The existence of 12.5 hours lock-up each day results in Republican women prison havone only limited access to telephones. Whereas the hundreds of prisoners with no lock-up can make calls any time day or night, Republican women prisoners find that they are unable to contact family members, friends and legal advisors simply by being unable make telephone calls after 8.30pm.
Education facilities within the womens’ prison have always been inferior to those enjoyed on the male side.
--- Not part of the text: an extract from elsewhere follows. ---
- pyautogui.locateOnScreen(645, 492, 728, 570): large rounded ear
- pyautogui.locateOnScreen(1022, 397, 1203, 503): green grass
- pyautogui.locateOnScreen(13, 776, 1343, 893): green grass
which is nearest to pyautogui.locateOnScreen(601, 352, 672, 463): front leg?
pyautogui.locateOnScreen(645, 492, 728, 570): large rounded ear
The education wing in the male prison is available in the evenings and at weekends when staffing levels permit, but for women prisoners evening and weekend access is never an option, regardless of staffing levels. Republican women prisoners do not ask for special privilege status but demand parity of treatment. By allowing certain conditions and `privileges’ to some prisoners but not extending the same to Republican women, the NIO is guilty of operating a policy of discrimination for which there can be no justification. What seems ironic is that in those areas where women were viewed as having an advantage over male prisoners, such as having more items allowed in parcels and having tissues and deodorants supplied through prison stores, governors and the NIO moved quickly to relieve this situation. They cut down on womens’ parcels and stopped supplying tissues and deodorants to women prisoners. The Governor and NIO are keen to ensure that they do not appear to discriminate in favour of women prison, but do not seem at all concerned about their practice of treating women in an inferior way in important areas of life. When it was pointed out to the No 1 Governor that it is unfair to treat women in this way he simply stated that `life is not fair’.